- _Task item_: Only the lines from the one with "this 640×360 image." through the final line below belong in the answer, copied exactly and without pictures.

- _Records for this task_:
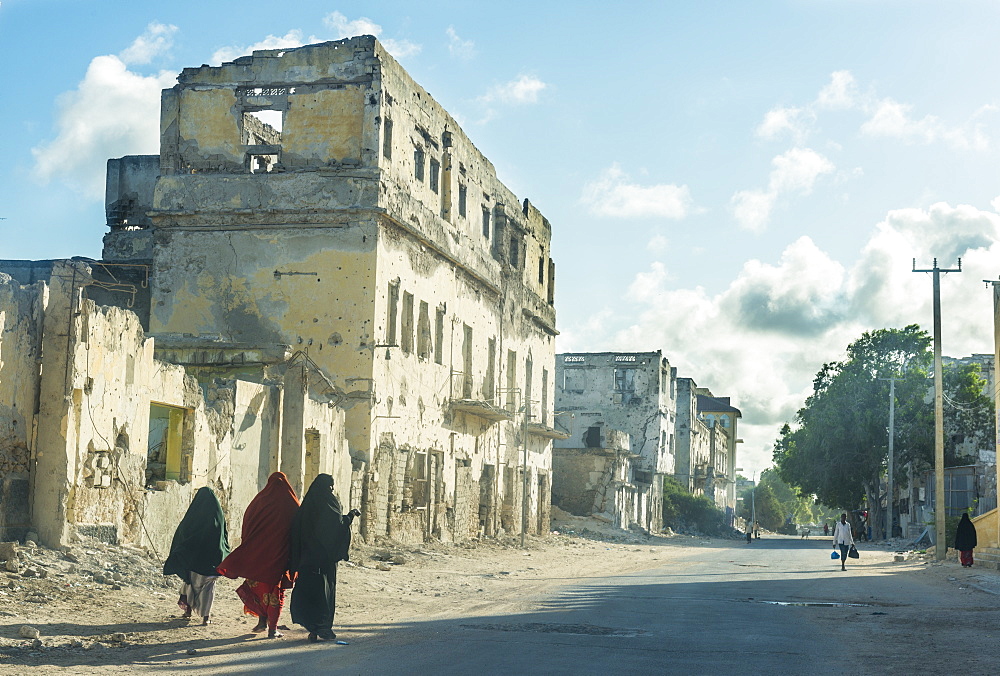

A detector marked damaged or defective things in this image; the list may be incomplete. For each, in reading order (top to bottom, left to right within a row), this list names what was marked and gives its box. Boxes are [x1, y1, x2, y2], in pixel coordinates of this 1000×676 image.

peeling plaster wall [0, 274, 45, 540]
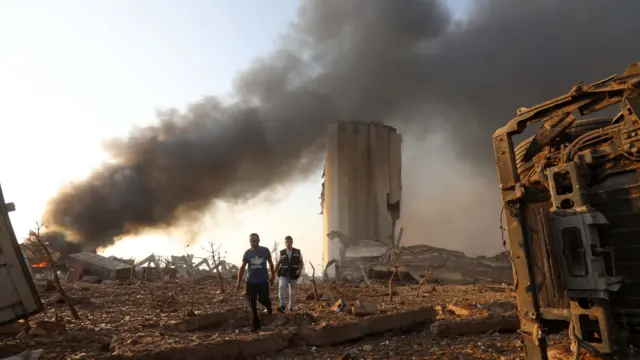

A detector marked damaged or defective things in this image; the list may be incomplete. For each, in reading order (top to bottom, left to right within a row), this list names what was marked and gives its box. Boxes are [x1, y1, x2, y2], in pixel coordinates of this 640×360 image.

wrecked truck cab [0, 184, 43, 324]
broken concrete wall [67, 252, 132, 280]
shattered structure [320, 121, 400, 278]
damaged concrete building [320, 121, 400, 278]
shattered structure [498, 60, 640, 358]
overturned vehicle [498, 63, 640, 358]
wrecked truck cab [498, 62, 640, 360]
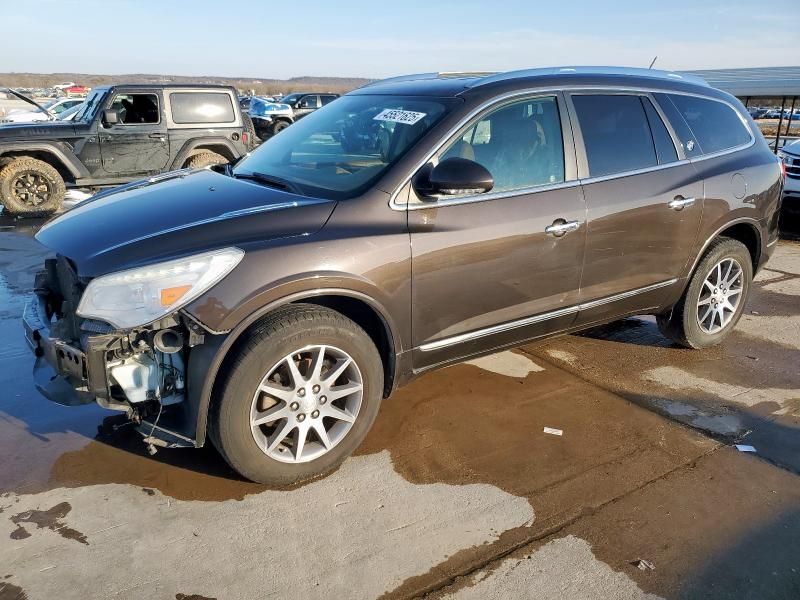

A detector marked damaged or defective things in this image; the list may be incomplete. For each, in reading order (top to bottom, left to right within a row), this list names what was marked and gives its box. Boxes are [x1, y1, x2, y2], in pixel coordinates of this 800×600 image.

- _Result below_:
A detector marked damaged or defective things in this image; the list may be incomplete. For each, in reading order (top to bottom, left to right within a row), this list names what was marked and gives its box. Boxes are [x1, y1, x2, y2], in pixel coordinates of this 640×360 image.

wrecked truck cab [0, 184, 43, 324]
broken concrete wall [67, 252, 132, 280]
shattered structure [320, 121, 400, 278]
damaged concrete building [320, 121, 400, 278]
shattered structure [498, 60, 640, 358]
overturned vehicle [498, 63, 640, 358]
wrecked truck cab [498, 62, 640, 360]

A detector marked damaged or defective things in this image; the list may be incomplete. For each, in reading order (top to bottom, left to right within a row), this list names what was marked and gives its box. Boxes are [x1, y1, x2, y2], in pixel coordinates of this 800×600 image.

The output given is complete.